In between supervised & unsupervised algorithms there is one more type of model- semi-supervised method is there that aims to capture the best from both of the above methods by retaining the ability to discover new classes within the data, and also incorporating information from a training set when available.

Below are few supervised learning techniques which have been used for classification of supernovae.

Decision Tree

A decision tree classifier is a machine learning approach which constructs a tree that can be used for classification or regression. Each of the nodes are based on a feature (attribute) of the data set, the first node is called as root node, which can be any important feature and hence considered as best predictor. Every other node of the tree is then split into child nodes based on certain splitting criteria or decision rule, which identify the allegiance of the particular object (data) to the feature class. The final result is a tree with decision nodes and leaf nodes where leaf nodes represent the classes of classification. Typically an impurity measure is defined for each node and the criterion for splitting a node is based on increase in purity of child nodes as compared to the parent node i.e. splits that produce child nodes which have significantly less impurity as compared to the parent node are favored. The Gini index (for CART) and entropy are two popular impurity measures. Entropy is used to interpret as a descriptor of information gain from that node. One significant advantage of decision tree is that both categorical and numerical data can be handled, a disadvantage is that decision trees tend to overfit the training data.

The core algorithm for building decision trees is known as ID3 given by J. R. Quinlan. ID3 employs a top-down, greedy search through the space of possible branches with no backtracking and uses Entropy and Information Gain to construct a decision tree. Below is the ID3 algorithm(Decision Trees,2015)-

ID3 Algorithm

Characterization of the model:

Construction of a decision tree T to approximate c., based on D

Algorithm ID3(D, Attributes, Target)

K-Nearest Neighbor

K-NN classifies an unknown instance with the most common class among K closest instances. It is an instance-based classifier that compares new incoming instance with the data already stored in memory. K-Nearest Neighbors algorithm (or K-NN for short) is a non-parametric method used for classification and regression. Using a suitable distance or similarity function, K-NN relates new problem instances to the existing ones in the memory.

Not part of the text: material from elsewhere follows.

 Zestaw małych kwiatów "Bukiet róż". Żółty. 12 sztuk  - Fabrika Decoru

K neighbors are located and majority vote outcome decides the classification. Occasionally, the high degree of local sensitivity makes the method susceptible to noise in the training data. If K = 1, then the object is assigned to the class of that single nearest neighbor. If K > 1, then the object is assigned to the class which has K number of similar nearest neighbor. According to (Veksler, 2013), in theory if infinite number of samples available, the larger the K values, the better is the classification, which gives smoother boundary. As per theoretical properties if K < sqrt(n), where n is number of objects to be classified, classification produces better results. One can choose K through cross validation also. The algorithm usually uses Euclidian distance, Manhattan distance or Minkowski distance to find the nearest neighbor for continuous variables. In the instance of categorical variables the Hamming distance must be used. This algorithm works well for larger dataset. It can be applied to the data from any distribution. A shortcoming of the K-NN algorithm is its sensitivity to the local structure of the data.

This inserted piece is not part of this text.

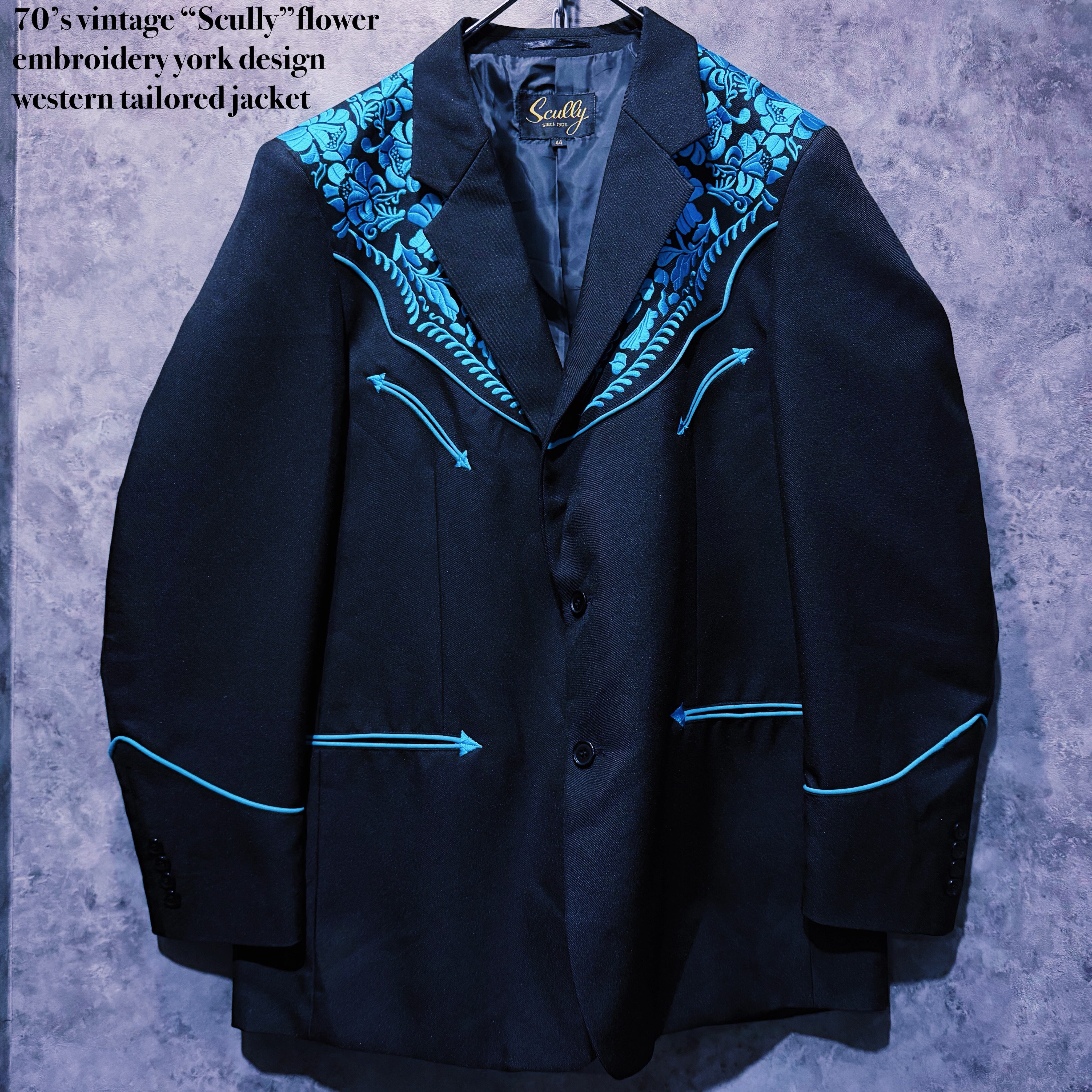 【 doppio】70’s vintage “Scully”flower embroidery york design western tailored jacket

Linear Discriminant Analysis

LDA is commonly used for both dimensionality reduction and data classification. The basic LDA classifier attempts to find a linear boundary that best separates the data. LDA maximizes the ratio of between-class variance to the within-class variance in any dataset guarantying maximal separability. This yields the optimal Bayes’ classification (i.e. under the rule of assigning the class having highest posterior probability) under the assumption that covariance is same for all classes. According to (Balakrishnama S. et. Al,1998), there are two different approaches used to classify test vectors. They are Class dependent transformation and class independent transformation.

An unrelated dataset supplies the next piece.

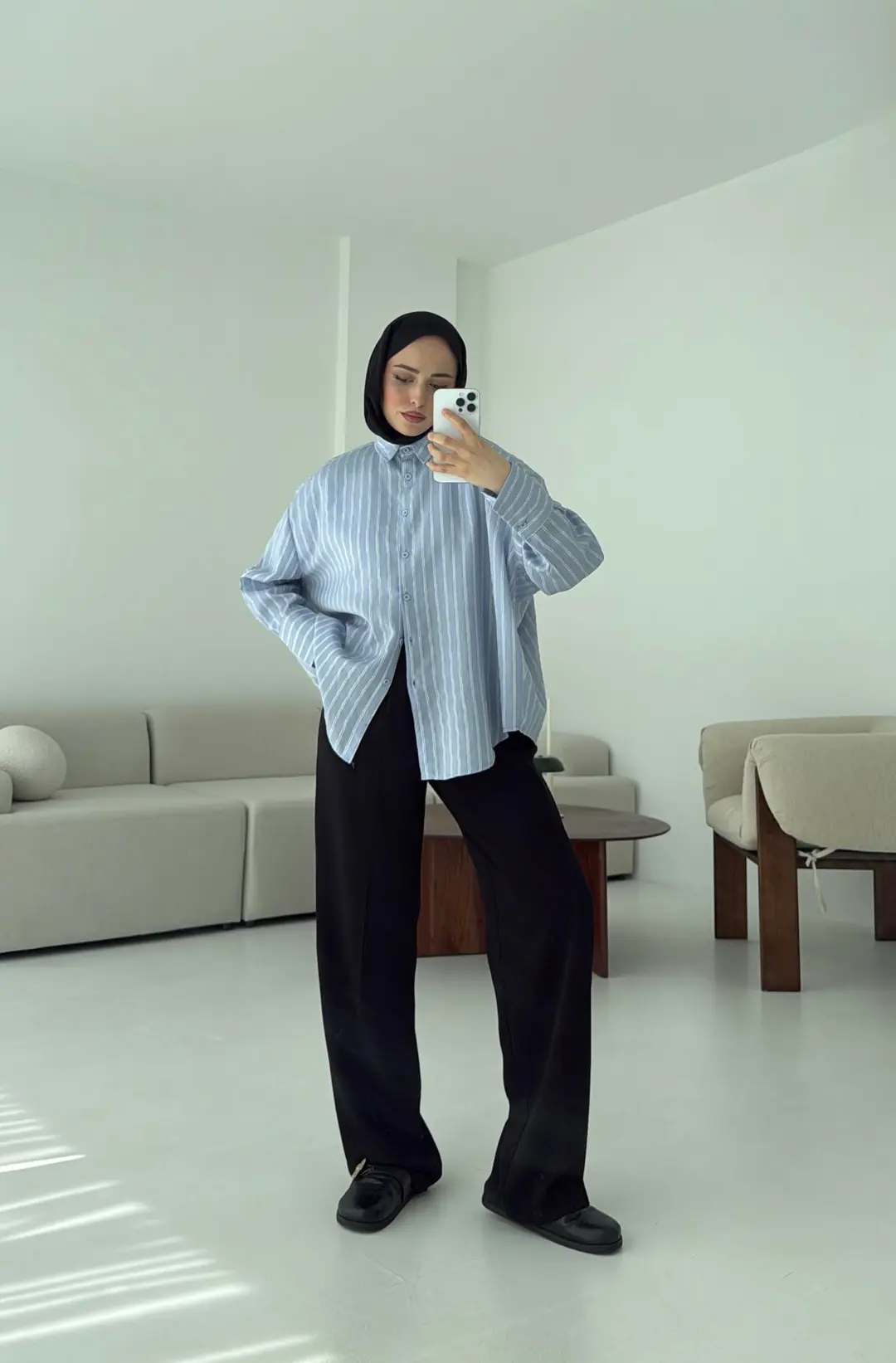 A.Mavi Çizgili Gömlek - Görsel 4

In present implementation, an enhanced version of LDA (often called Regularized Discriminant Analysis) is used. This involves Eigen-decomposition of the sample covariance matrices and transformation of the data and class centroid. Finally the classification is performed using the nearest centroid in the transformed space also taking into account prior probabilities.

Naïve Bayes

Naïve Bayes classifier is based on Bayes theorem. It is a supervised learning method as well as a statistical method for classification. It allows us to capture uncertainty about a probabilistic model in a better way by determining probabilities of the outcome. It can solve both diagnostic and predictive problems. It can perform the classification of arbitrary number of independent variables and is generally used when data is high-dimensional. Data to be classified can be either categorical or numerical. A small amount of training data is sufficient to estimate necessary parameters. The method assumes independent distribution for attributes and thus estimates

Mathtype978-1-7998-2460-2.ch016.m01

where X1,X2,…,Xn are ‘n’ input variables and Yi are ‘i’ different classes. Although this assumption is often violated in practice (hence the name Naïve), Naïve Bayes often performs well. This classifier provides practical learning algorithm and prior knowledge and observed data can be combined. It calculates explicit probabilities for hypothesis and Xb,Yb it is robust to noise in input data. It is computationally fast and space efficient.

Random Forest

Random forest is an ensemble of various decision trees. Each tree enunciates a classification and decision is taken based upon mean prediction on them (regression) or majority voting (classification). When a new object from the data set needs to be classified, data is kept down at each of the trees. Classification implies a tree voting for that class. Random forest works efficiently with large datasets. It gives accurate results even in the cases of missing data. The training algorithm for random forests applies the general technique of bootstrap aggregating, or bagging, to tree learners. Grow each tree in the forest on an independent bootstrap sample from the training data. At each node select ‘m’ variables at random out of all ‘M’ possible variables; find the best possible split on the selected ‘m’ variables.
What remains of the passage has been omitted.